→ **DATA EXTRACT**
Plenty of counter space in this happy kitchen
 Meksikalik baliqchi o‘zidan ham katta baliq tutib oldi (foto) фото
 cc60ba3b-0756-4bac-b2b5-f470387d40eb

→ **HOW TO COMPLETE THIS TASK**
Repeat every line of the listing, word for word.

→ **ANSWER SPACE**
Plenty of counter space in this happy kitchen
 Meksikalik baliqchi o‘zidan ham katta baliq tutib oldi (foto) фото
 cc60ba3b-0756-4bac-b2b5-f470387d40eb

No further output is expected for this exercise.